What the.....? Who did this???

Of course, if you want to lay bricks at a steady pace, what you don't want to find is surprises in your mix.

Here's Tony with the biggest rock he's ever found in a pile of mortar on his spot.

John O humbly presented his 10.000 apologies. It seems he was trying to save sand, and dug well down into the pile. So rocks are at the bottom of it?

Unencumbered by rocks in the mortar, Tony did a cracking job and laid 4 courses on the slope at the end, and two courses on the penultimate section. There are now only 3 sections remaining to be worked on - 180m, 190m, and 200m (the slope). In front of Tony is Bob, who worked in parallel and laid a similar number of rows along the front. We pointed out to Bob that, finally, he no longer had to use his knee pads and work on his hands and knees in the dirt, but both he and Tony found that working half upright, bent over, was much more unpleasant, and the backs hurt. Not long now, guys !

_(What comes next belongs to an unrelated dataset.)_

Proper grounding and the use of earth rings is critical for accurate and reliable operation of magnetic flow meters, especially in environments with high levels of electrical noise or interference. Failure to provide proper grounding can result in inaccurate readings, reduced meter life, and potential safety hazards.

A bit further along, JC laid three rows of blues along the front of the 180m section, thus bringing it up to first corbellling row height. John then switched to the rear, where he joined John S backing up to keep the top of the wall at the same height all round.

Looking back at the end of the day, we reckon we should have the wall finished by the end of April, given a smaller team over the Easter holidays (we will not be working Easter Monday, but probably the Tuesday after.)
Over on CRC1, a delegation met to discuss the slagstone wall at the foot of the recently regraded slopes. There was much expansive arm waving, and from a distance the plans looked very expensive.... then your blogger was spotted! Smiles all round.

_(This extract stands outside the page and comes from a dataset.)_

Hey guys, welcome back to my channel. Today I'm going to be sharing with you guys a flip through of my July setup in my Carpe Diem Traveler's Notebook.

Away from CRC2, preparations have been made to replace the broken CRC2 running in board with a replica of the original one, which was there (at least) until the late 1960's.

Here are the two posts, with authentic one inch thick brackets. Cast iron finials have also been sourced, and a new board has been made by B & S. As the posts and finials have been sourced by a Broadway member, here's a good example of inter-station cooperation!

Today's job was to test the fettled finials for fit (passed, at last, after much grinding in the garage) and to give the bottom of the posts a coat of bitumen paint. Sticky stuff, bitumen...

Outside CRC booking office, some sort of Anderson shelter was being assembled. This looks to become a guard hut for the forthcoming forties event. My suggestion that it should really be dug 6 feet into the ground was not taken up with any enthusiasm! Won't be very bomb proof then.

Here's our end of the day shot of the works. No fewer than four barrows of mortar are lined up, with Brian hoping for takers.
You can just about make out that JC has laid 3 rows of blues along the 180m stretch in the foreground. (darker mortar in the joints). Corbelling next, here. A row of garden chairs outside the cabin is a sign that spring is here - we are sitting outside again!  What a fine thing it is to sit with your cup of tea, mini roll in the other hand, and enjoy the view to the ridge at Cleeve Hill.

Mice: One. They very carefully nibbled away the peanut butter bait on the other trap, without setting it off. How do they do that? Mice are cunning...

Back Tuesday after Easter. Thanks for checking in.

Monday, 23 March 2015

A day of great progress today - 10 people on site, with 6 of them laying bricks and blocks. The muck makers could hardly keep up. As your blogger opened his car door on arrival, the very first thing he heard was 'Coooooompo' ! Stress ! Better get my running shoes on.

With 6 brick layers, you straight away need 3 different types of mortar - black (but not too black), brown stiff and brown sloppy. And of course they all cry out at the same time. Poor old John O was worked off his feet, while Brian and Keith ran up and down with the barrows and shovels to resupply the spots.
In this our opening picture you can see backing up going on, Bob having done the last current row of corbelling on the 170m section all on his own on Wednesday. Well, that certainly kicks the job along. So here you can see Tony and JC finishing off the 170m section with a coating of sloppy brown on top, while Keith hovers anxiously to make sure they have everything they need. Nothing is worse than a bricklayer without supplies!

Tony then moved on to the 180m section. Today 2 rows were added to the front here, and Tony filled in the middle and raised the rear by 3 rows. All done while bent over, the backs do complain at the end of the day.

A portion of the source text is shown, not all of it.